In a 20 bit hardware latch.

> How does this left shift take place,

The 16 wires are connected to inputs 4..19 of an internal 20 bit
adder.

> I think it gives 0000 instead of B0000

Obviously, it doesn't, since the chip works.

> Secondly, where does the addition take place ? In some kind of
> circuit? -which outputs directly to the address bus?

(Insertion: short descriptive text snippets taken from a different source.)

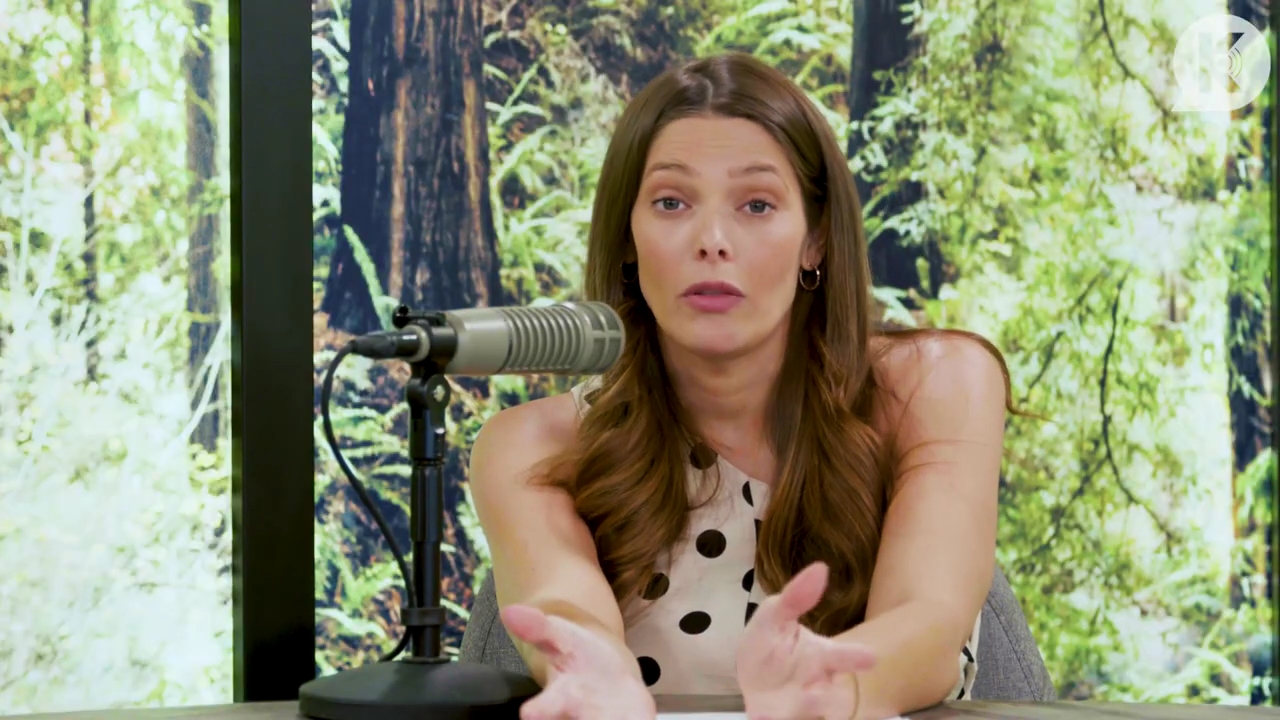 Ashley-Greene-dot-nl_TheTwilightEffect-BreakingDawnPart2-RewatchPart2of3-1387.jpg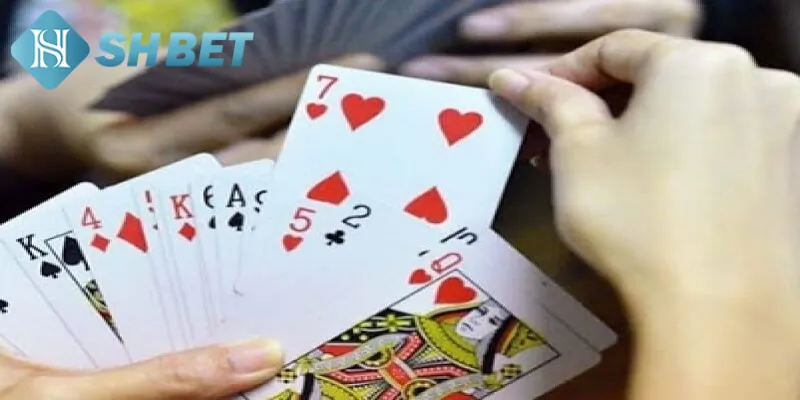 Các đối tượng nên áp dụng mẹo chơi tiến lên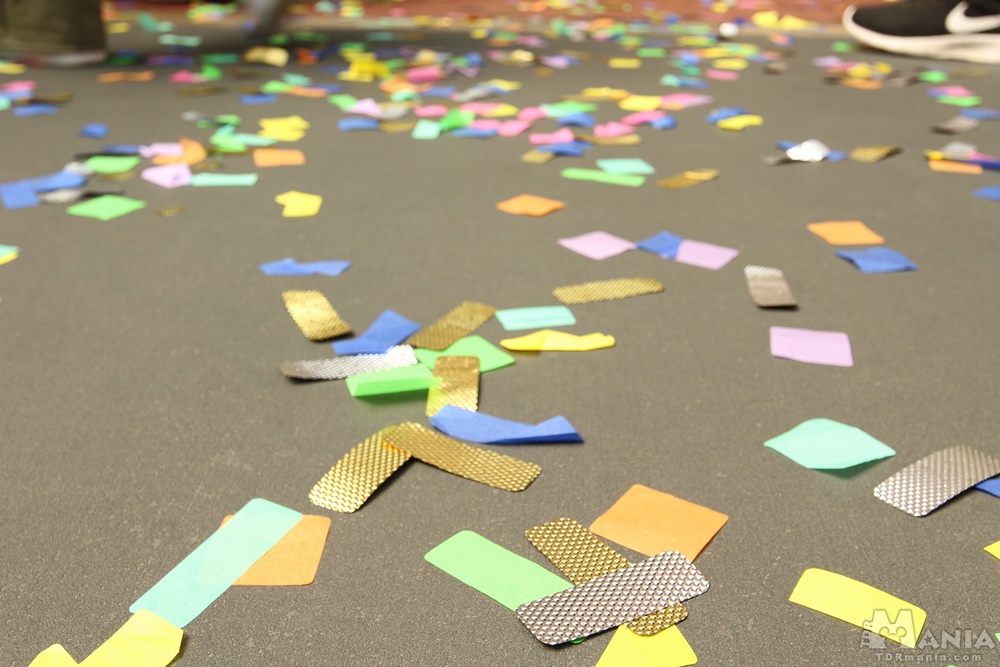 Snow Manから届いた銀テープをチャームにしたよnico にこ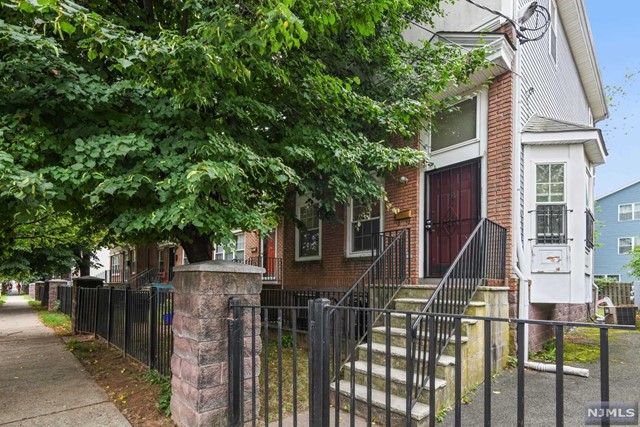 Holland St, Newark, NJ 07103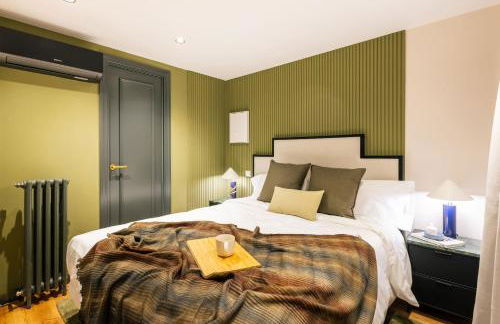 Stylish 4 suites +patio luxury apartment Gran Via - Photo 33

Yes. There are no "registers" involved at that point, so there's no
16 bit limit.

Krishna wrote:
> Hello,
>
> I have a question on the 8088 family of microprocessors. Can someone
> kindly explain REAL mode segmentffset addressing with reference to
> the following example:
>
> DS contains 0xB000
> SI contains 0x8000
>
> The books say DS is SHIFTED LEFT by 4 bits - giving
>
Yes, this description is poor, it has been a poor description from the
beginning. This description implies to most first time readers as a
-register- shift, it is not. It is an attempt to describe simply this:
regarding segmffs, the Segment Register holds the upper 16 bits of a
20 bit linear address. The Offset is the lower 16 bits of a 20bit
linear address. To combine both into a physical address, add the two
together _as if_ the segment value is nibble extended.
This physical address is held in an internal register of the cpu
governing the address buss.

> 0xB0000 - How? The 'B' bits 1011 will be shifted out leaving
> 0x0000. How is it left shifted and where is it stored - ALL registers
> are only 16 bits - NONE is 20 bits.
>
> How does this 0x B0000
> 0x 8000
> ------------------
> B8000 ---- Physical Address
>
> This Addition take place? Where is the 20 bit 0x B0000 stored?? How
> does this left shift take place, I think it gives 0000 instead of B0000
> and if the latter then where will it be stored? all are 16 bit - not
> 20.This is the first query.
>
> Secondly, where does the addition take place ? In some kind of circuit
> ? -which outputs directly to the address bus?
>
This physical address is held in an internal register of the cpu
governing the address buss.
Steve

> I will be grateful if someone can explain these simply, I find it very
> confusing. Thanks a Lot,
>
> Krishna

Thanks ALL of you for responding. The description of "shifting"
"implying" register shifting confused me. I looked up the Latch and
Adder on the internet, thanks to your replies.Thanks once again,

Krishna

spamtrap@crayne.org wrote:
> Krishna wrote:
> > Hello,
> >
> > I have a question on the 8088 family of microprocessors. Can someone
> > kindly explain REAL mode segmentffset addressing with reference to
> > the following example:
> >
> > DS contains 0xB000
> > SI contains 0x8000
> >
> > The books say DS is SHIFTED LEFT by 4 bits - giving
> >
> Yes, this description is poor, it has been a poor description from the
> beginning. This description implies to most first time readers as a
> -register- shift, it is not. It is an attempt to describe simply this:
> regarding segmffs, the Segment Register holds the upper 16 bits of a
> 20 bit linear address. The Offset is the lower 16 bits of a 20bit
> linear address. To combine both into a physical address, add the two
> together _as if_ the segment value is nibble extended.
> This physical address is held in an internal register of the cpu
> governing the address buss.
>
> > 0xB0000 - How? The 'B' bits 1011 will be shifted out leaving
> > 0x0000. How is it left shifted and where is it stored - ALL registers
> > are only 16 bits - NONE is 20 bits.
> >
> > How does this 0x B0000
> > 0x 8000
> > ------------------
> > B8000 ---- Physical Address
> >
> > This Addition take place? Where is the 20 bit 0x B0000 stored?? How
> > does this left shift take place, I think it gives 0000 instead of B0000
> > and if the latter then where will it be stored? all are 16 bit - not
> > 20.This is the first query.
> >
> > Secondly, where does the addition take place ? In some kind of circuit
> > ? -which outputs directly to the address bus?
> >
> This physical address is held in an internal register of the cpu
> governing the address buss.
> Steve
>
> > I will be grateful if someone can explain these simply, I find it very
> > confusing. Thanks a Lot,
> >
> > Krishna